From Thursday to Saturday, 68.8 percent of the student body voted for class representatives, College Council (CC) officers, constitutional amendments and a college-wide referendum. Despite an early technical glitch, which temporarily inhibited access to the online ballot, voter turnout increased by 22.8 percent from last year’s special election.
High voter participation was crucial to the success of the CC spring term elections. Many students attended the “Civic Duty and Shake Your Booty” event in Goodrich Hall on Thursday, which featured live student performances, an open Goodrich tab, informational conversations and voting booths. The voting party also included a Snapchat filter, geared towards enticing students into exercising their political voices.
On Saturday night, the Elections Supervisory Committee announced the results in an all-campus email. In the contested race for CC co-presidents, Michelle Bal ’17 and Caitlin Buckley ’17 emerged victorious over the tickets of Jonathon Burne ’17 and Tyrone Scafe ’17 and that of Jonathan Linen ’17 and Frankie Mork ’17. Bal and Buckley’s platform of increased CC transparency, collaboration with Campus Safety and Security and emphasis on student wellness captured the most votes and earned them the opportunity to represent the student body as the heads of CC for the year.
Ava Anderson ’18 and Chetan Patel ’18, Wendy Suiyi Tang ’19, Ben Gips ’19, Allegra Simon ’18 and Alex Besser ’17, Michael Rubel ’19, Web Farabow ’18, and Rodsy Modhurima ’19 were voted to the positions of Vice President for Student Organizations, Community and Diversity, Student Affairs, Academic Affairs, Operations, Treasurer and Assistant Treasurer, respectively.

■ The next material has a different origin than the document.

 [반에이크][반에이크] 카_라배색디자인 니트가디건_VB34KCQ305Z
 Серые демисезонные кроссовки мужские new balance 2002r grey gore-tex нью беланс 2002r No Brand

Representatives for each class year were also elected. The representatives for the Class of 2019 will be Luke Baumann, Justinas Banys, Bum Shik Kim and Moises Roman Mendoza. The representatives for the Class of 2018 will be Sam Alterman, Ned Lauber, Haley Lescinsky and Arielle Rawlings. The representatives for the Class of 2017 will be Annika Trapness, Hanson Koota, Lucas Elek and John Fives, with the latter two elected as write-in candidates. The representatives for the class of 2016 will be Marcus Christian, Noah Grumman, Sophia Wilansky and Alison Wu. The exact vote tallies are available on the CC website.
Two amendments to the CC constitution were also ratified with the approval of the majority of students who voted. The first amendment added a Vice President for Communications position and a parliamentarian position and the other changed gender pronouns in CC governing documents from she/he/his/her to they/theirs to be more inclusive and gender neutral.
Another important outcome of the election was the passage of the referendum to reform the Honor and Disciplinary Committee. The “8+4” referendum, widely publicized and discussed on campus in the days leading up to the election, states, “For each [Honor Committee] hearing, four rotating members – one from each class year – shall be randomly called upon to join the eight selected student members in the hearing as voting members.” The amendment was designed to bring more equity and transparency to the Honor Committee while familiarizing students with the inner workings of the hearings, which have recently increased to about 30 per year. The referendum passed by 89.9 percent.
The first CC meeting with the new council will take place Wednesday evening at 7:30 p.m. in Hopkins 001.